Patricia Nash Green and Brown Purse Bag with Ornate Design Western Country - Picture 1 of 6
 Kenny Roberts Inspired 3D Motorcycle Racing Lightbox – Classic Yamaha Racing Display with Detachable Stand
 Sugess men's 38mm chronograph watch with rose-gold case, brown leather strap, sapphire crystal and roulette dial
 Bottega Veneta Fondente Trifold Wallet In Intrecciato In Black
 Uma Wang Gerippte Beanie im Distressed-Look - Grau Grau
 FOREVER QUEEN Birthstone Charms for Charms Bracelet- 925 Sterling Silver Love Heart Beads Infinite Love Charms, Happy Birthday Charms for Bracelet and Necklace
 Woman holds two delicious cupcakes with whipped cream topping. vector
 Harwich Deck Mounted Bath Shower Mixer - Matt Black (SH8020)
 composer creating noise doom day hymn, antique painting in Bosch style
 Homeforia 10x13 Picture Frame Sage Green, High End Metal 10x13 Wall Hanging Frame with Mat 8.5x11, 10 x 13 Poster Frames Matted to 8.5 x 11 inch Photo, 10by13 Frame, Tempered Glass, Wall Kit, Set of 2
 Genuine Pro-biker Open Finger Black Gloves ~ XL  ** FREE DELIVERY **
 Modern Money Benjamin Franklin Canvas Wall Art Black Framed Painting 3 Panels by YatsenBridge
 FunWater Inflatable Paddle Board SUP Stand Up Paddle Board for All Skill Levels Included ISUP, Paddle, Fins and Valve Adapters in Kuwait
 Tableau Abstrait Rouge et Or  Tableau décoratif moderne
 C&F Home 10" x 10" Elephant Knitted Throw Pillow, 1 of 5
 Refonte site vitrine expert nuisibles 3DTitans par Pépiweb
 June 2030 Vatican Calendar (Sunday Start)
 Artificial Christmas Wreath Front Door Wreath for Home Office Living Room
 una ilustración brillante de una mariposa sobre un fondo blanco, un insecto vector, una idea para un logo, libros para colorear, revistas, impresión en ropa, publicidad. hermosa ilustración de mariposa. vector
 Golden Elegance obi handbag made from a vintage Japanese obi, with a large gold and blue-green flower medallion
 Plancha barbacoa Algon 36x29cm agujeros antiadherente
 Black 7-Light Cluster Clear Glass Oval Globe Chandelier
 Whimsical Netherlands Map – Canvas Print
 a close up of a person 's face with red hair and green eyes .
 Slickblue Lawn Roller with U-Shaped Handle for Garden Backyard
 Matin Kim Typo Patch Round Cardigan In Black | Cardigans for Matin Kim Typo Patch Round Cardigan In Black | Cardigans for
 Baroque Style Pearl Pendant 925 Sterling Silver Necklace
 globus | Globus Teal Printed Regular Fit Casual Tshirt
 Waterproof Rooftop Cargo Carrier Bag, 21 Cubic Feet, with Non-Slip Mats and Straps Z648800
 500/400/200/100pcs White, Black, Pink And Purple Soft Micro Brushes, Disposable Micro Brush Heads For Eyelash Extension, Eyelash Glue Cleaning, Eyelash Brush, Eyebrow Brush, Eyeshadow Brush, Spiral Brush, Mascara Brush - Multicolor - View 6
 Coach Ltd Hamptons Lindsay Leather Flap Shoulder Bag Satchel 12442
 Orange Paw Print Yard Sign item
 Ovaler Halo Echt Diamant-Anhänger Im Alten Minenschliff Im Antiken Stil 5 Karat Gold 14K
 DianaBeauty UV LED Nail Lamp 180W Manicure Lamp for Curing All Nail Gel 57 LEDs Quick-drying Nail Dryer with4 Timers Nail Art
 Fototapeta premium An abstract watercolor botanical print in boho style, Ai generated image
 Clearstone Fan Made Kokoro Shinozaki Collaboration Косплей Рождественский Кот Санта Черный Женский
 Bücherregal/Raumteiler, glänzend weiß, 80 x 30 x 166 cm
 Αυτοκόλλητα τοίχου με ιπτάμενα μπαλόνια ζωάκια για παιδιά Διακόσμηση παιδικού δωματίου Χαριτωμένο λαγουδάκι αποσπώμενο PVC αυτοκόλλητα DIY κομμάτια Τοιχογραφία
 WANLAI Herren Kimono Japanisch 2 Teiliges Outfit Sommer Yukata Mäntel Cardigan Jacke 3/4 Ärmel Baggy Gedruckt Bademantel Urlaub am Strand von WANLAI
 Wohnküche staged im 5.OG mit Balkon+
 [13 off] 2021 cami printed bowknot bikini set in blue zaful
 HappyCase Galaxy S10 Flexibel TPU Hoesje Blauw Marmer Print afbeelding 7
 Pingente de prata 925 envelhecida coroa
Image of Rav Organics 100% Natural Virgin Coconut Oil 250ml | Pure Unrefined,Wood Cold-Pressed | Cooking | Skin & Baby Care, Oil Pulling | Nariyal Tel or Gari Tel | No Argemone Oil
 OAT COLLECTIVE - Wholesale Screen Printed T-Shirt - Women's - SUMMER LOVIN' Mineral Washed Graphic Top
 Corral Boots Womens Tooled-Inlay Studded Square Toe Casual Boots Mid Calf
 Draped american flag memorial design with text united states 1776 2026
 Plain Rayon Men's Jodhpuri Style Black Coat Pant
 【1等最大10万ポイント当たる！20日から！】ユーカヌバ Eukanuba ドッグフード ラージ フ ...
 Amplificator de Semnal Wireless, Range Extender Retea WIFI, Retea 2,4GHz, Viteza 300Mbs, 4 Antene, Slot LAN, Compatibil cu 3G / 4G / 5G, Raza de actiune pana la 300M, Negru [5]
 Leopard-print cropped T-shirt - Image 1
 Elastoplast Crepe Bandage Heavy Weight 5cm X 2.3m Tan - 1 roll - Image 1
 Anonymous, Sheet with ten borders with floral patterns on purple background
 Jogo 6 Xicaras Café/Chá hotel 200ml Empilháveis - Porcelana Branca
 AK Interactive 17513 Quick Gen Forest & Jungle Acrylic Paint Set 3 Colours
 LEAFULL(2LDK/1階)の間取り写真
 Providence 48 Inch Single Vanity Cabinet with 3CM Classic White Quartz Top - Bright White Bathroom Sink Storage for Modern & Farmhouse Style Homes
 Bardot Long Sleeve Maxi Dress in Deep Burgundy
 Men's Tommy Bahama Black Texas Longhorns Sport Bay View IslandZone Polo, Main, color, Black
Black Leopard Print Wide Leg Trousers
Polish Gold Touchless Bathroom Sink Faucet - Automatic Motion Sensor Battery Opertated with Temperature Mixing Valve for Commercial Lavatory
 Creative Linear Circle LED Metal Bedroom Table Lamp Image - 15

[ASSIGNMENT]: Print all the data above word for word.

[WRITTEN ANSWER]:
Patricia Nash Green and Brown Purse Bag with Ornate Design Western Country - Picture 1 of 6
 Kenny Roberts Inspired 3D Motorcycle Racing Lightbox – Classic Yamaha Racing Display with Detachable Stand
 Sugess men's 38mm chronograph watch with rose-gold case, brown leather strap, sapphire crystal and roulette dial
 Bottega Veneta Fondente Trifold Wallet In Intrecciato In Black
 Uma Wang Gerippte Beanie im Distressed-Look - Grau Grau
 FOREVER QUEEN Birthstone Charms for Charms Bracelet- 925 Sterling Silver Love Heart Beads Infinite Love Charms, Happy Birthday Charms for Bracelet and Necklace
 Woman holds two delicious cupcakes with whipped cream topping. vector
 Harwich Deck Mounted Bath Shower Mixer - Matt Black (SH8020)
 composer creating noise doom day hymn, antique painting in Bosch style
 Homeforia 10x13 Picture Frame Sage Green, High End Metal 10x13 Wall Hanging Frame with Mat 8.5x11, 10 x 13 Poster Frames Matted to 8.5 x 11 inch Photo, 10by13 Frame, Tempered Glass, Wall Kit, Set of 2
 Genuine Pro-biker Open Finger Black Gloves ~ XL  ** FREE DELIVERY **
 Modern Money Benjamin Franklin Canvas Wall Art Black Framed Painting 3 Panels by YatsenBridge
 FunWater Inflatable Paddle Board SUP Stand Up Paddle Board for All Skill Levels Included ISUP, Paddle, Fins and Valve Adapters in Kuwait
 Tableau Abstrait Rouge et Or  Tableau décoratif moderne
 C&F Home 10" x 10" Elephant Knitted Throw Pillow, 1 of 5
 Refonte site vitrine expert nuisibles 3DTitans par Pépiweb
 June 2030 Vatican Calendar (Sunday Start)
 Artificial Christmas Wreath Front Door Wreath for Home Office Living Room
 una ilustración brillante de una mariposa sobre un fondo blanco, un insecto vector, una idea para un logo, libros para colorear, revistas, impresión en ropa, publicidad. hermosa ilustración de mariposa. vector
 Golden Elegance obi handbag made from a vintage Japanese obi, with a large gold and blue-green flower medallion
 Plancha barbacoa Algon 36x29cm agujeros antiadherente
 Black 7-Light Cluster Clear Glass Oval Globe Chandelier
 Whimsical Netherlands Map – Canvas Print
 a close up of a person 's face with red hair and green eyes .
 Slickblue Lawn Roller with U-Shaped Handle for Garden Backyard
 Matin Kim Typo Patch Round Cardigan In Black | Cardigans for Matin Kim Typo Patch Round Cardigan In Black | Cardigans for
 Baroque Style Pearl Pendant 925 Sterling Silver Necklace
 globus | Globus Teal Printed Regular Fit Casual Tshirt
 Waterproof Rooftop Cargo Carrier Bag, 21 Cubic Feet, with Non-Slip Mats and Straps Z648800
 500/400/200/100pcs White, Black, Pink And Purple Soft Micro Brushes, Disposable Micro Brush Heads For Eyelash Extension, Eyelash Glue Cleaning, Eyelash Brush, Eyebrow Brush, Eyeshadow Brush, Spiral Brush, Mascara Brush - Multicolor - View 6
 Coach Ltd Hamptons Lindsay Leather Flap Shoulder Bag Satchel 12442
 Orange Paw Print Yard Sign item
 Ovaler Halo Echt Diamant-Anhänger Im Alten Minenschliff Im Antiken Stil 5 Karat Gold 14K
 DianaBeauty UV LED Nail Lamp 180W Manicure Lamp for Curing All Nail Gel 57 LEDs Quick-drying Nail Dryer with4 Timers Nail Art
 Fototapeta premium An abstract watercolor botanical print in boho style, Ai generated image
 Clearstone Fan Made Kokoro Shinozaki Collaboration Косплей Рождественский Кот Санта Черный Женский
 Bücherregal/Raumteiler, glänzend weiß, 80 x 30 x 166 cm
 Αυτοκόλλητα τοίχου με ιπτάμενα μπαλόνια ζωάκια για παιδιά Διακόσμηση παιδικού δωματίου Χαριτωμένο λαγουδάκι αποσπώμενο PVC αυτοκόλλητα DIY κομμάτια Τοιχογραφία
 WANLAI Herren Kimono Japanisch 2 Teiliges Outfit Sommer Yukata Mäntel Cardigan Jacke 3/4 Ärmel Baggy Gedruckt Bademantel Urlaub am Strand von WANLAI
 Wohnküche staged im 5.OG mit Balkon+
 [13 off] 2021 cami printed bowknot bikini set in blue zaful
 HappyCase Galaxy S10 Flexibel TPU Hoesje Blauw Marmer Print afbeelding 7
 Pingente de prata 925 envelhecida coroa
Image of Rav Organics 100% Natural Virgin Coconut Oil 250ml | Pure Unrefined,Wood Cold-Pressed | Cooking | Skin & Baby Care, Oil Pulling | Nariyal Tel or Gari Tel | No Argemone Oil
 OAT COLLECTIVE - Wholesale Screen Printed T-Shirt - Women's - SUMMER LOVIN' Mineral Washed Graphic Top
 Corral Boots Womens Tooled-Inlay Studded Square Toe Casual Boots Mid Calf
 Draped american flag memorial design with text united states 1776 2026
 Plain Rayon Men's Jodhpuri Style Black Coat Pant
 【1等最大10万ポイント当たる！20日から！】ユーカヌバ Eukanuba ドッグフード ラージ フ ...
 Amplificator de Semnal Wireless, Range Extender Retea WIFI, Retea 2,4GHz, Viteza 300Mbs, 4 Antene, Slot LAN, Compatibil cu 3G / 4G / 5G, Raza de actiune pana la 300M, Negru [5]
 Leopard-print cropped T-shirt - Image 1
 Elastoplast Crepe Bandage Heavy Weight 5cm X 2.3m Tan - 1 roll - Image 1
 Anonymous, Sheet with ten borders with floral patterns on purple background
 Jogo 6 Xicaras Café/Chá hotel 200ml Empilháveis - Porcelana Branca
 AK Interactive 17513 Quick Gen Forest & Jungle Acrylic Paint Set 3 Colours
 LEAFULL(2LDK/1階)の間取り写真
 Providence 48 Inch Single Vanity Cabinet with 3CM Classic White Quartz Top - Bright White Bathroom Sink Storage for Modern & Farmhouse Style Homes
 Bardot Long Sleeve Maxi Dress in Deep Burgundy
 Men's Tommy Bahama Black Texas Longhorns Sport Bay View IslandZone Polo, Main, color, Black
Black Leopard Print Wide Leg Trousers
Polish Gold Touchless Bathroom Sink Faucet - Automatic Motion Sensor Battery Opertated with Temperature Mixing Valve for Commercial Lavatory
 Creative Linear Circle LED Metal Bedroom Table Lamp Image - 15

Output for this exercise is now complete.